During last year’s May long weekend, 29-year-old Joshua Moore picked up four passengers from a house party and went for a drunk and reckless drive resulting in injury, death and incarceration.

Yellowknifer reported that an intoxicated Moore left the house party and proceeded down the Ingraham Trail at speeds of up to 180 km/h.

After swerving to avoid an oncoming vehicle, the car went off the road near Prosperous Lake and landed in a pond.

Karen Lafferty died in the crash, two other passengers were badly injured and Moore received a relatively lenient sentence of 18 months behind bars.

The incident capped off a terrible week – which happened to be National Road Safety Week no less – where 11 people were charged with impaired driving in the NWT.

Fast forward to this year and a sliver of hope: there was no upsurge in impaired driving charges over the May long weekend and an RCMP safety blitz in Yellowknife over the Labour Day weekend did not turn up a single impaired driver.

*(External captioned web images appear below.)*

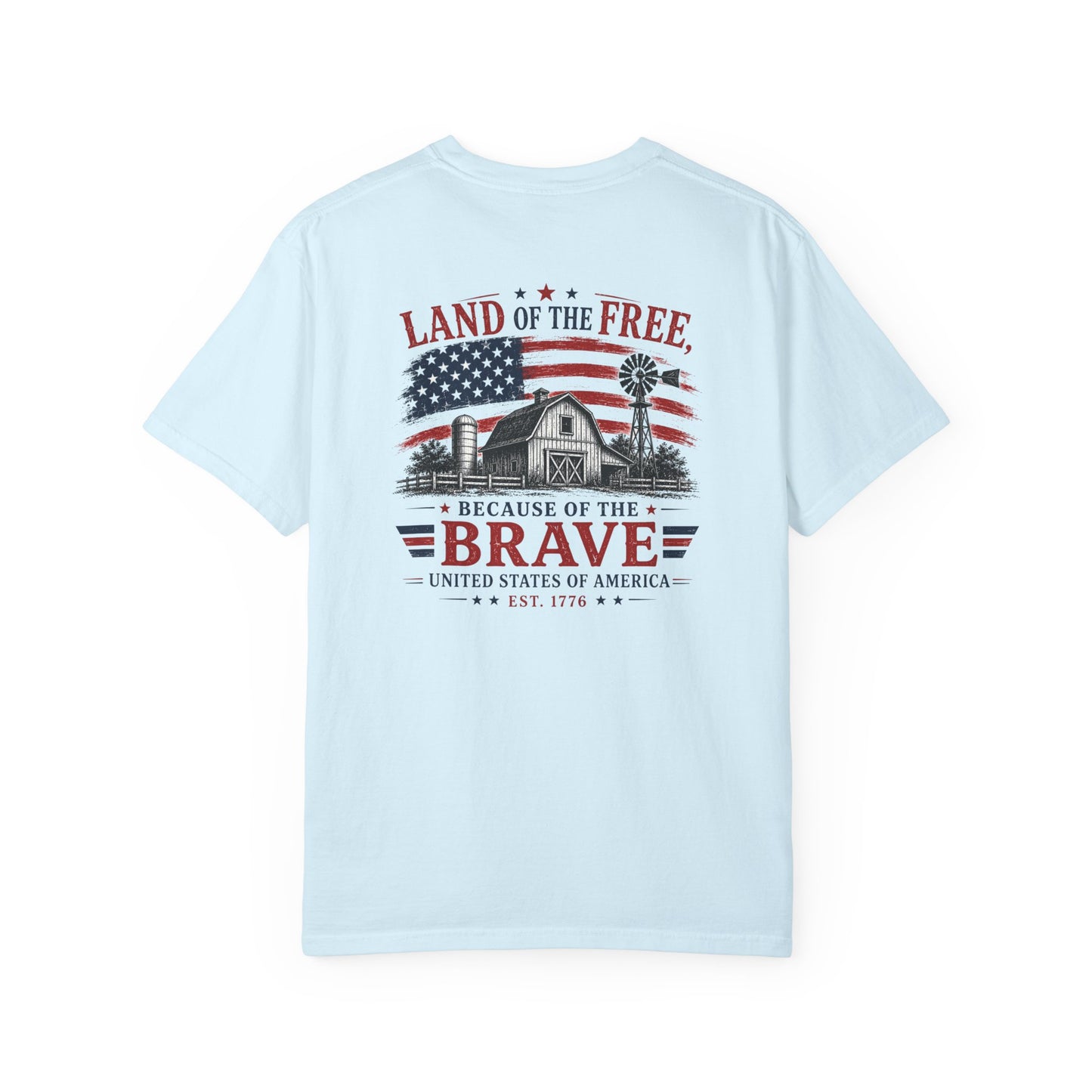 Land Of The Free Because Of The Brave T-shirt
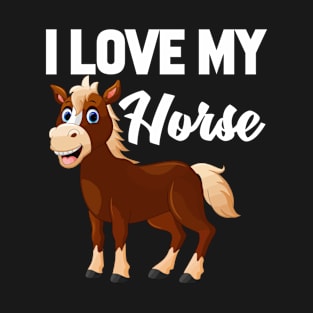 I Love My Horse T-Shirt Funny Gifts for Men Women Kids T-Shirt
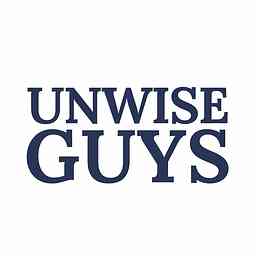 UnWise Guys Podcast cover logo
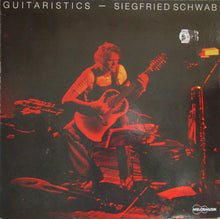 Carica l'immagine nel visualizzatore di Gallery, Siegfried Schwab : Guitaristics (LP, Album)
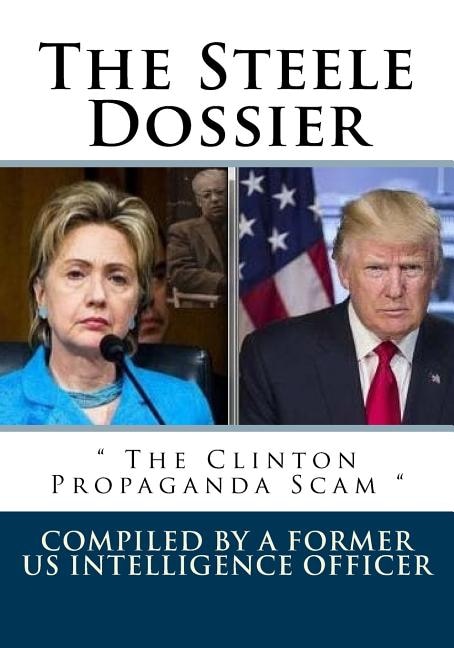 The Steele Dossier:  The Clinton Propaganda Scam 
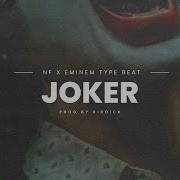 Free Nf Eminem Joker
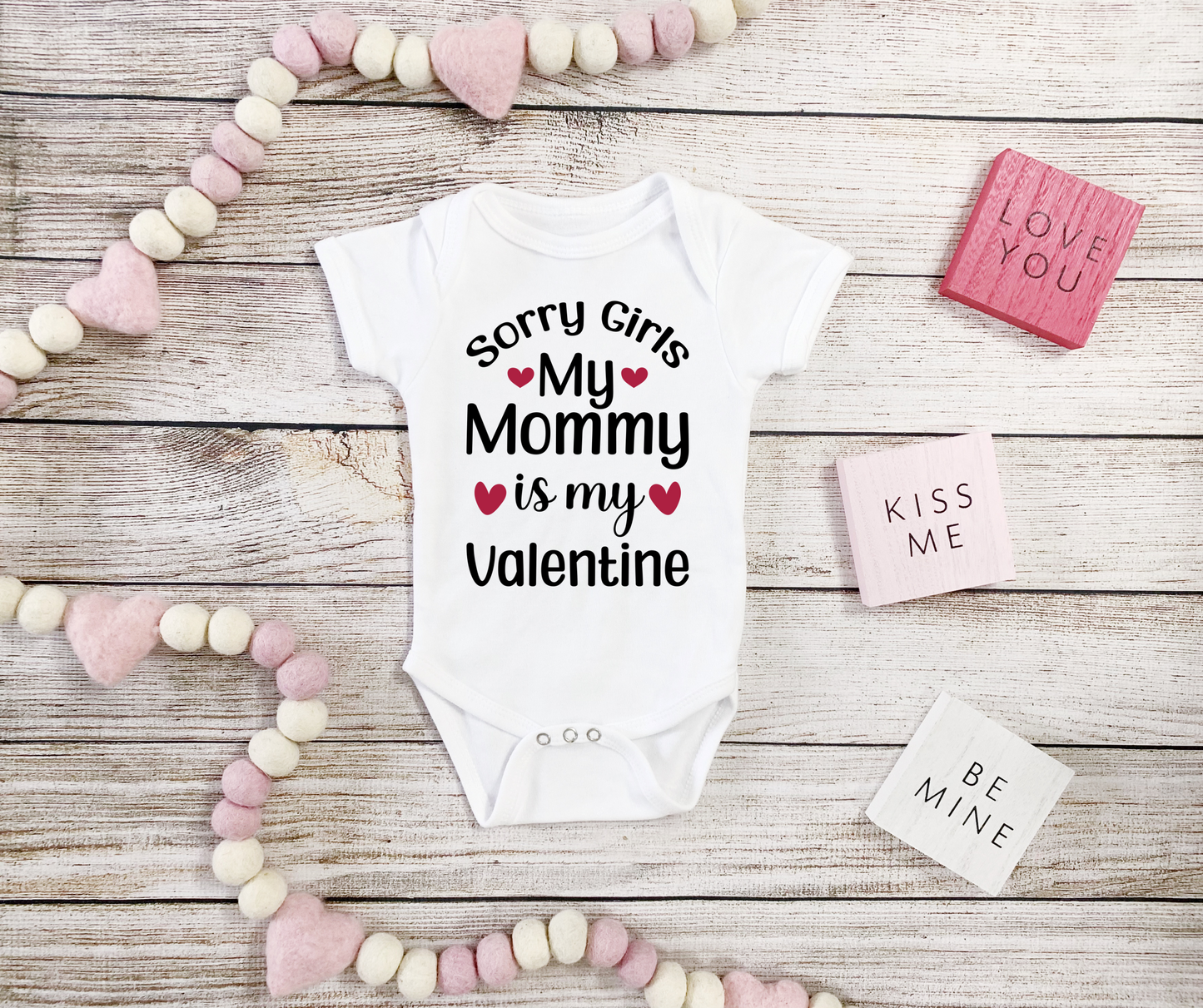 Sorry girls Mommy is my valentine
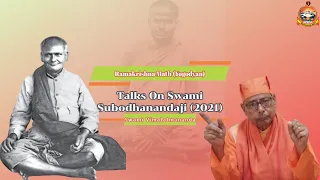 Talks On Swami Subodhanandaji (2021) || Swami Vimalatmananda || Ramakrishna Math (Yogodyan)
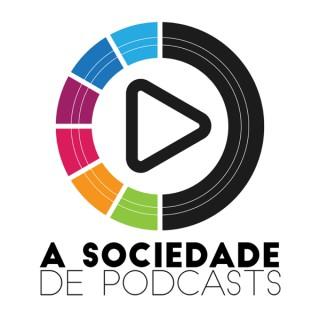 A Sociedade de Podcasts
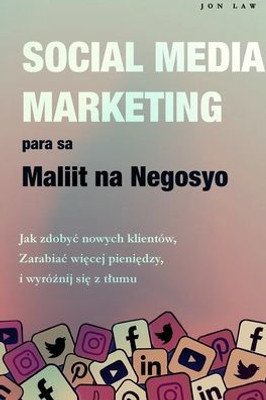 Social Media Marketing Para Sa Maliit Na Negosyo: Paano Kumuha Ng Mga Bagong Customer, Gumawa Ng Higit Pang Pera, At Stand Out Mula Sa Karamihan Ng Tao (Filipino Edition)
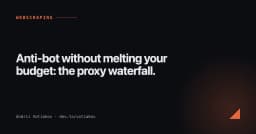 Tối ưu hóa chi phí Anti-bot: Chiến lược Proxy Waterfall cho hệ thống quy mô lớn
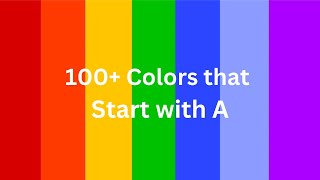 100+ Colors that Start with A Names...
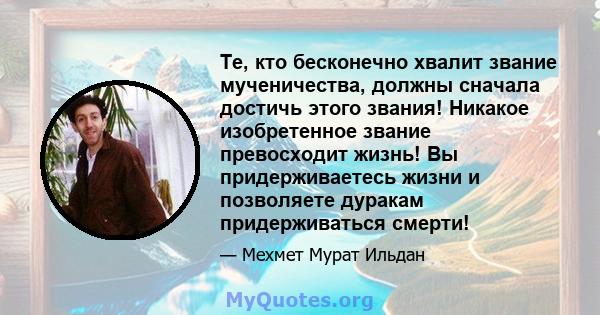 Те, кто бесконечно хвалит звание мученичества, должны сначала достичь этого звания! Никакое изобретенное звание превосходит жизнь! Вы придерживаетесь жизни и позволяете дуракам придерживаться смерти!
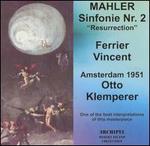 Mahler: Sinfonie No. 2 "Resurrection" - Jo Vincent (soprano); Kathleen Ferrier (mezzo-soprano); Royal Concertgebouw Orchestra; Otto Klemperer (conductor)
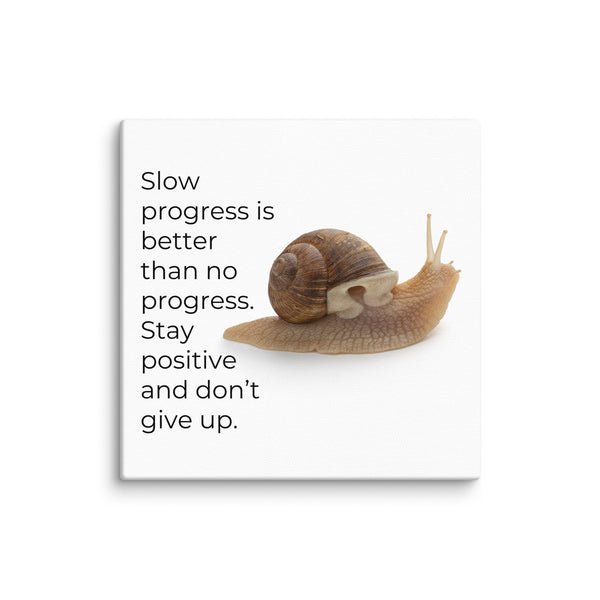 Slow Progress Is Better Addiction Recovery Canvas Wall Art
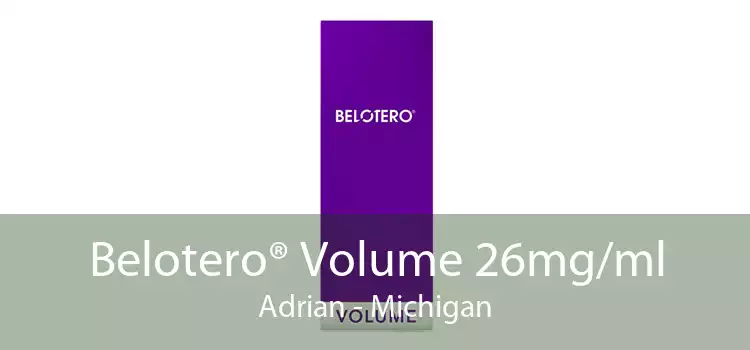 Belotero® Volume 26mg/ml Adrian - Michigan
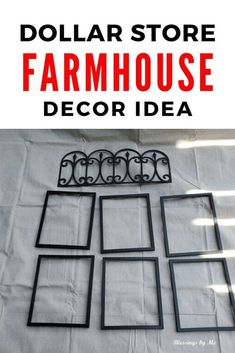 the dollar store farmhouse decor idea is displayed on a white tablecloth with red lettering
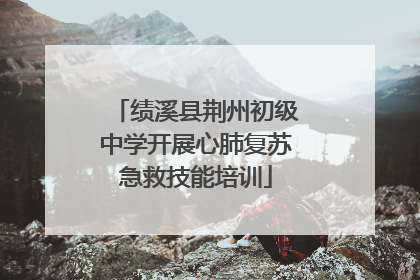 绩溪县荆州初级中学开展心肺复苏急救技能培训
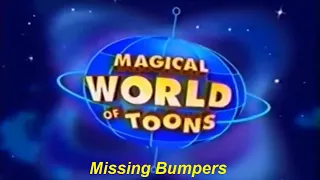 Toon Disney Magical World of Toons missing bumpers (2001-2003)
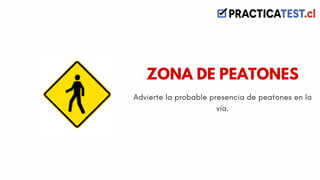 Advierte la probable presencia de peatones en la
vía.
ZONA DE PEATONES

We hope what we’re seeing is a greater awareness among drivers that is starting to bearing fruit. We hope an increased number of check stops is making drivers think twice before engaging in drunk driving.

The increase was made possible by a change in RCMP policy. Police no longer answer to calls about intoxicated persons unless there is violence.

These calls are now directed to the city's street outreach program and the sobering centre, thus freeing up police to focus on more serious matters, such as impaired driving.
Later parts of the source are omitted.